Below are the records; print exactly the lines from the one with "THERMOS Tasse Longlife, Edelstahl, doppelwandig, 0,35" through the last, both included, and leave the pictures out.
>>>>>
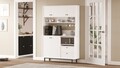 Dulap multifunctional, Locelso, RE5-W, Alb
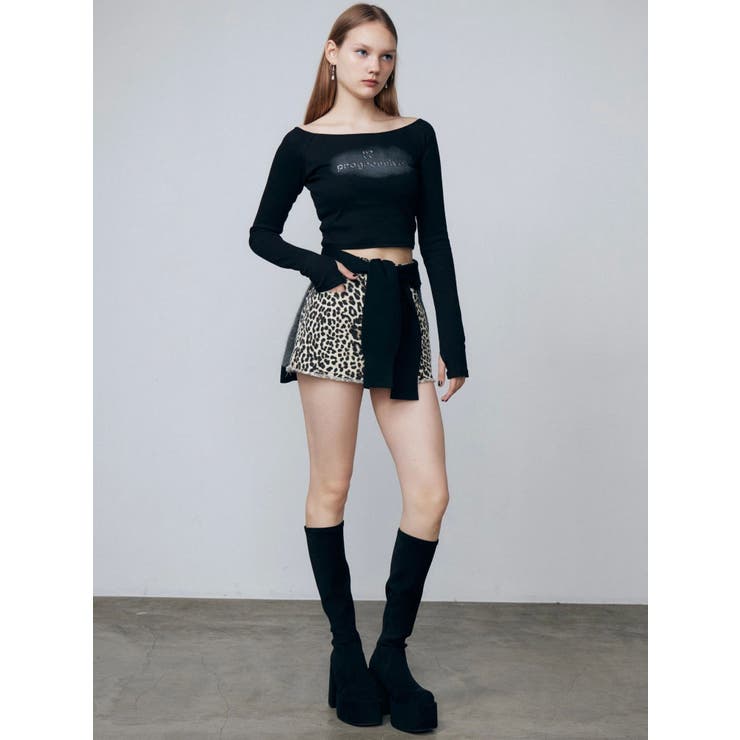 ロゴクロップドロングスリーブTシャツ | EMODA | 詳細画像25 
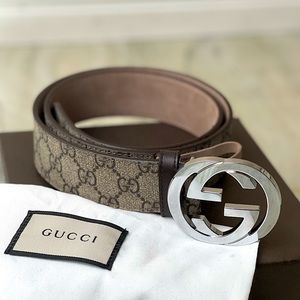 Gucci GG Supreme Belt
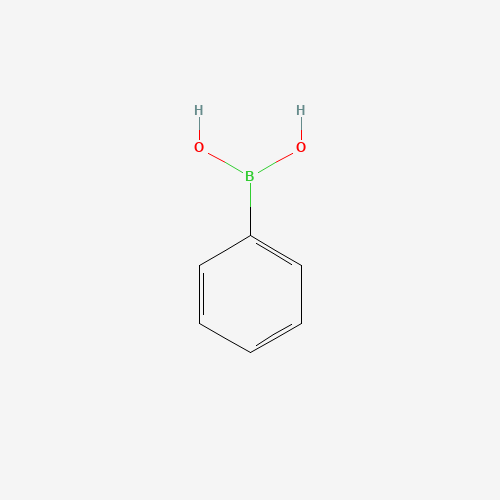 Szkielet 2D Phenylboronic acid, CAS 98-80-6, wzór C6H7BO2
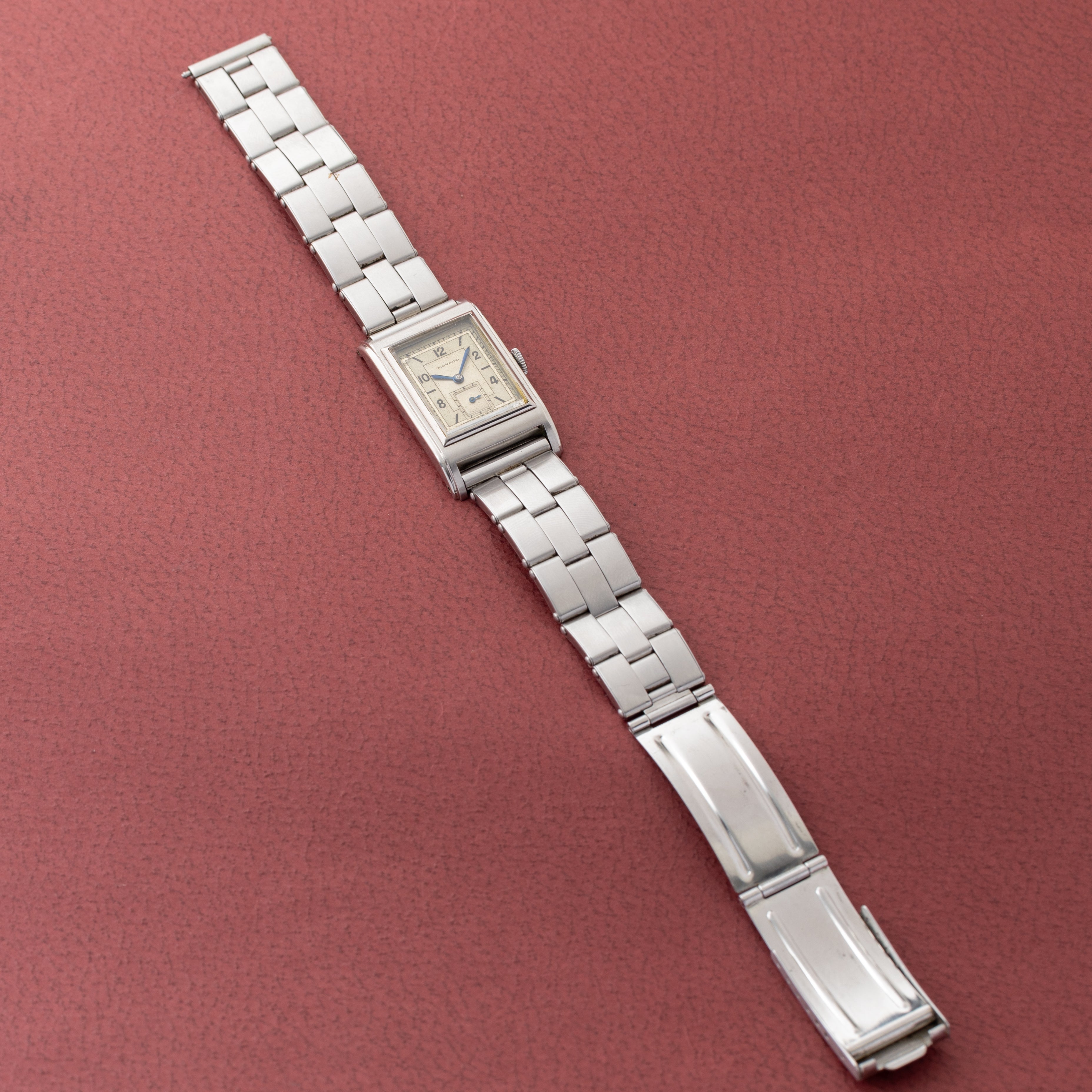 モバード レクタンギュラー 手巻き 1930年代 スモールセコンド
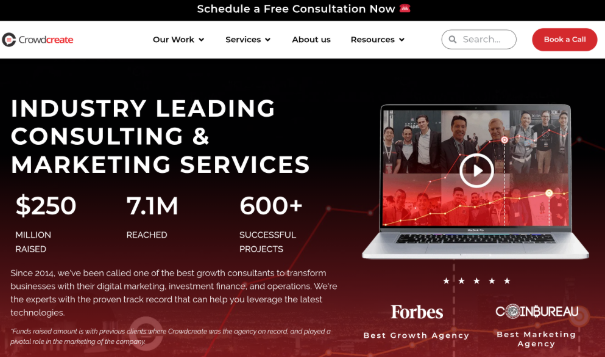 image of crowdcreate web3 marketing agencies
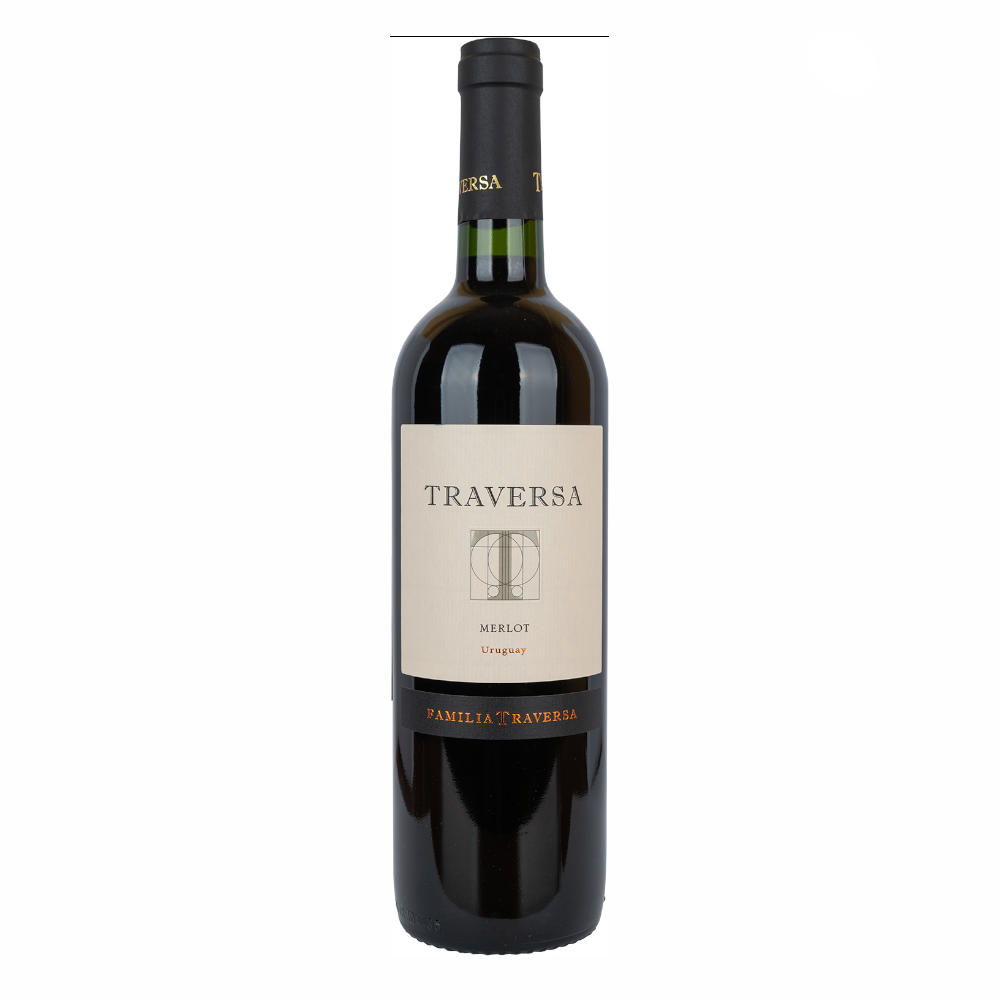 Wino Traversa Merlot 2019 12,5% czerwone wytrawne 750 ml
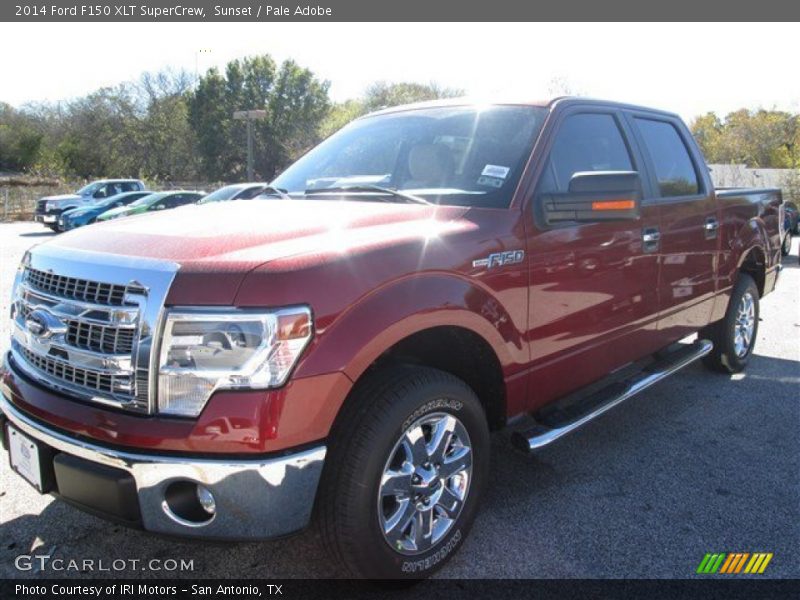 Sunset / Pale Adobe 2014 Ford F150 XLT SuperCrew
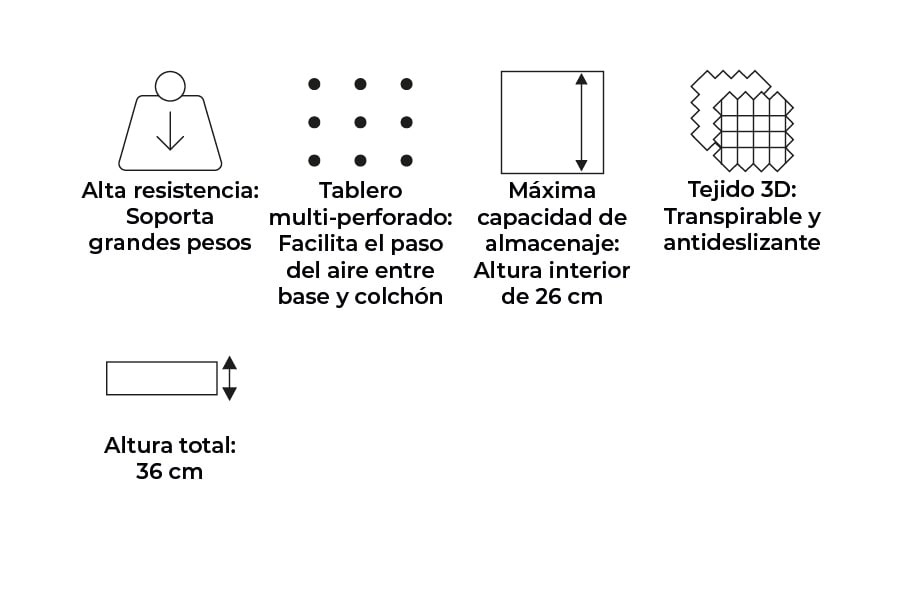 Canapé abatible de apertura lateral Tropic de HOME - principal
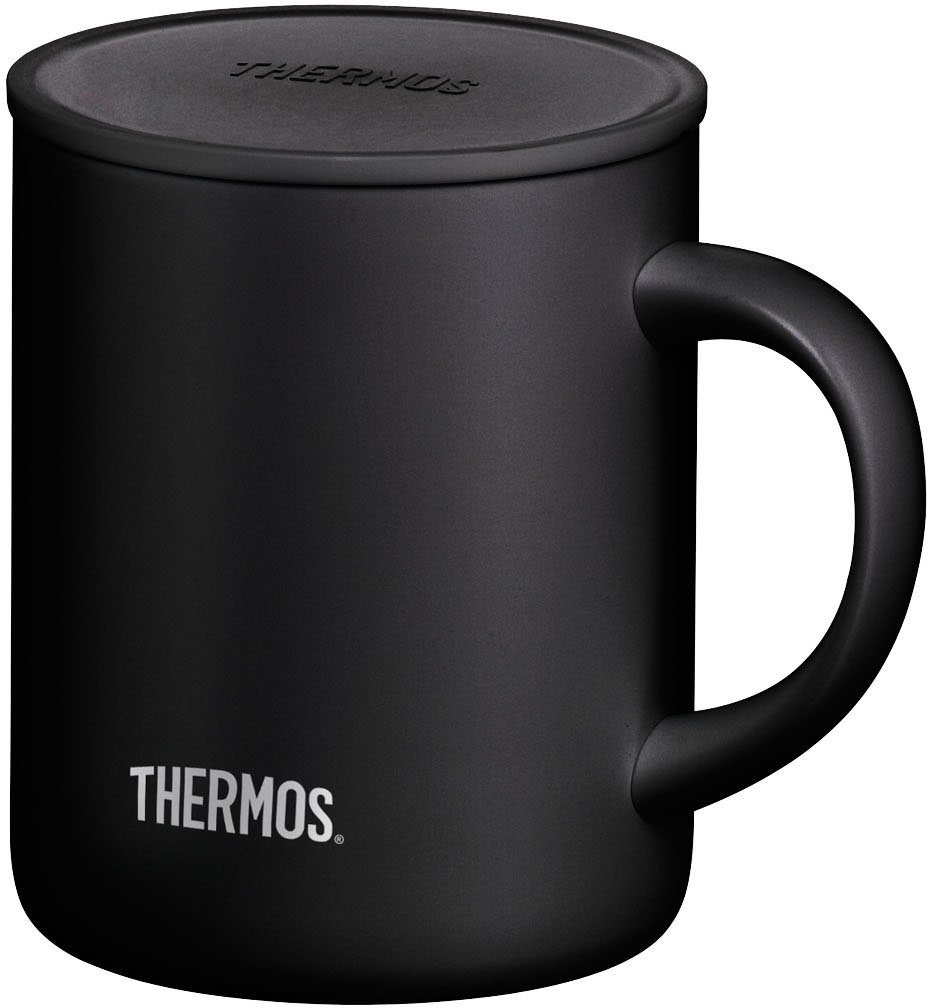 THERMOS Tasse Longlife, Edelstahl, doppelwandig, 0,35 Liter, mit Deckel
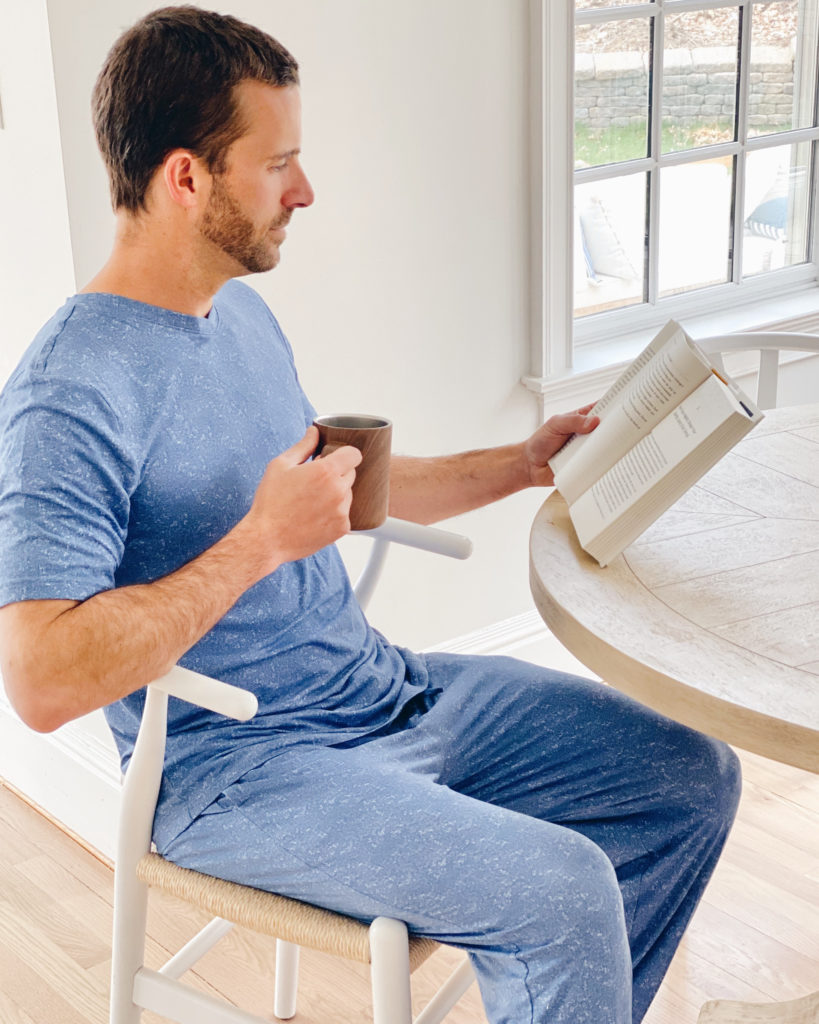 comfortable and affordable matching pj loungewear set for men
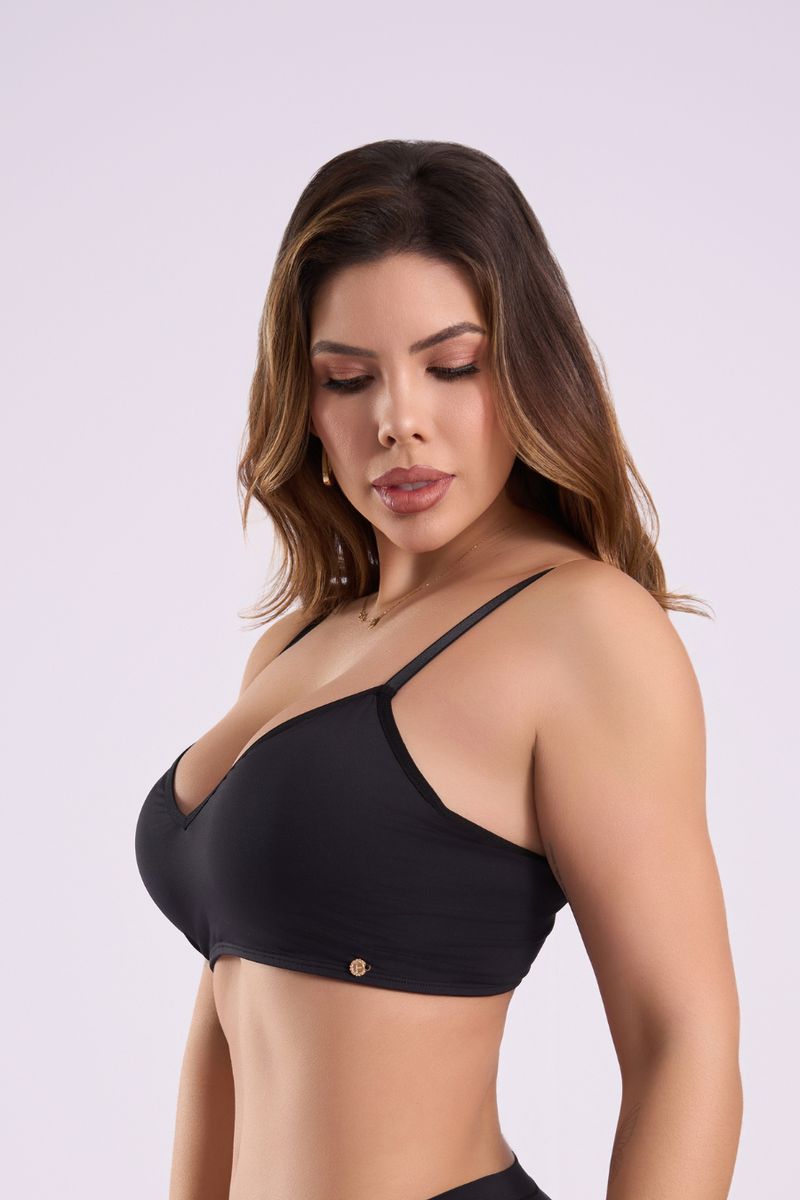 SOUTIEN AVULSO CONFORT COM BOJO - PRETO - 4678 - OUSEUSE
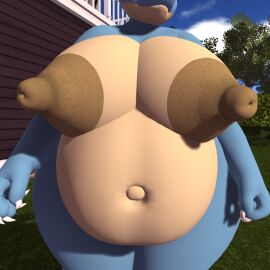 3d big_breasts breasts female ferialexonar huge_breasts nidoqueen pokemon_(species) second_life thick_thighs wide_hips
<<<<<
_Problem solution_:
 THERMOS Tasse Longlife, Edelstahl, doppelwandig, 0,35 Liter, mit Deckel
 comfortable and affordable matching pj loungewear set for men
 SOUTIEN AVULSO CONFORT COM BOJO - PRETO - 4678 - OUSEUSE
 3d big_breasts breasts female ferialexonar huge_breasts nidoqueen pokemon_(species) second_life thick_thighs wide_hips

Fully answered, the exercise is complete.